日本の読者にとっても無関係な話ではない。ソニーや任天堂などのゲーム機メーカー、車載メモリを使う自動車メーカーは、今回の価格高止まりによる調達コスト増を直接受ける立場にある。国内PCメーカー各社でもDDR5搭載製品の値上げが一部で報じられており、SK hynixの営業利益6.8兆円という数字は、そうした国内の値上げの原資が海外メーカーの利益に積み上がっている構図を映す。純利益10.56兆円にはキオクシアの株式売却益が上乗せされているため、メモリ事業そのものの稼ぎを測る指標としては営業利益の方が実態に近い。
SK hynixは、個別ハイパースケーラーの具体名や契約金額の総額は明らかにしていない。「約10社」「主要顧客」という総称にとどまり、TrendForceが伝える上限撤廃型の条件がこの約10社の契約すべてに一律に適用されるのかも明らかではない。価格上限撤廃が実際にどの水準のスポット価格で発動するのかという条件も非公表のままだ。
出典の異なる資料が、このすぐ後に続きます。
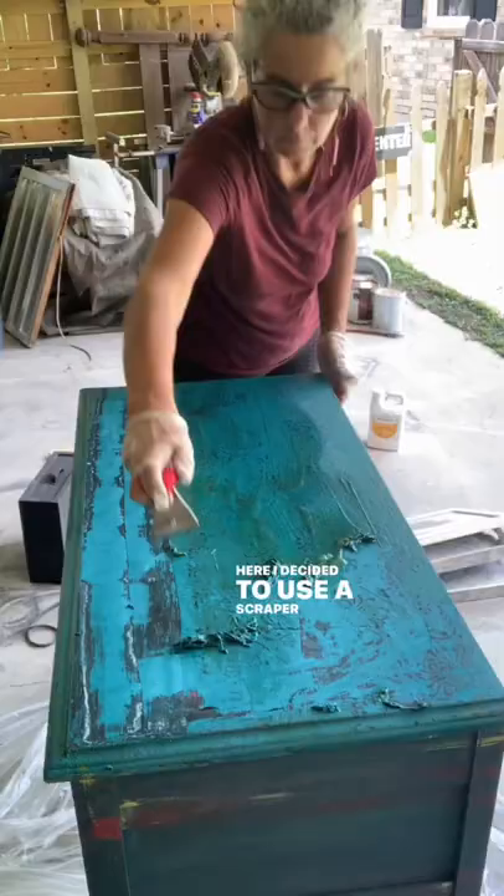Here I decided to use a scraper to see if I could get more off, and I certainly did, but it also takes a layer of the wood with it, and I didn't care for that too much.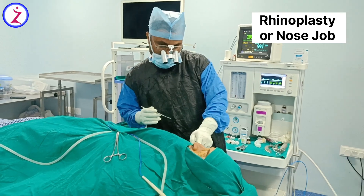Open rhinoplasty means we make a small incision in the columella — the rest of the incisions are all inside, so they will not be visible externally. There will not be any external scars except for the columella scar, which usually fades off in one to two months. The patient is already under general anesthesia, so we are starting now.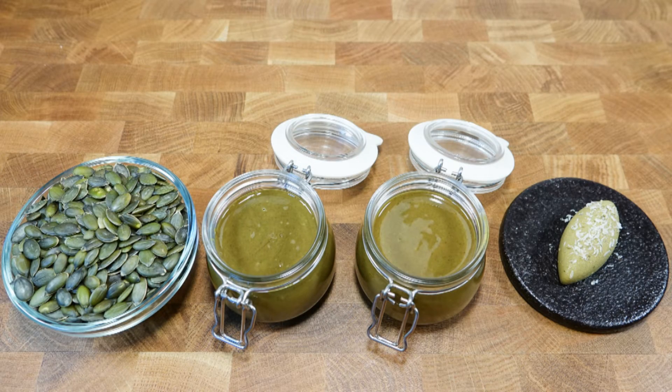There you have it for today — pumpkin seed butter, pumpkin seed butter butter, and praline paste. Enjoy it however you want: have it with some toast, pancakes, or waffles. The other night I had the pumpkin seed butter — not the butter version, just the regular version — with some avocado toast, and that was super next level because I enjoy avocados with seeds like sunflower and pumpkin seeds. So this just made it extra powerful.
この非公開性そのものが、メーカー側の交渉力の温存につながっている面もある。トリガー条件が公表されなければ、顧客側は将来のコスト上限を正確に見積もれず、価格交渉のたびにメーカー側の説明に依拠せざるを得ない。情報の非対称性は、契約設計の非対称性とちょうど裏表の関係にある。
2027年のHBM価格交渉が試す契約の本気度
SK hynixは2027年のHBM供給量・価格について主要顧客と協議中だとしている。HBM4Eの2027年本格量産という目標が、この交渉の期限を事実上規定する形になる。今回の約10社とのLTAが実需に支えられたものかどうかを試す最初の材料は、むしろ足元のQ3見通しにある。
もしQ3の出荷計画が未達に終われば、上限撤廃を受け入れたハイパースケーラー側の態度は硬化しかねない。供給の確実性と引き換えに価格の上振れリスクを丸ごと引き受けたにもかかわらず、肝心の数量が計画通り届かないとなれば、2027年のHBM協議で顧客側が上限復活を要求する材料になる。上限を外した契約の価値はスポット価格が想定以上に跳ね上がったときにこそ試される一方、価格上昇が一服すればハイパースケーラー側の評価も変わってくる。契約から上限をなくす賭けの成否は、Choi会長が言及した増産投資が実際に供給不足を緩和した時点で初めて採点できるものであり、それまでは非対称な契約構造がメーカー側に有利なまま固定される。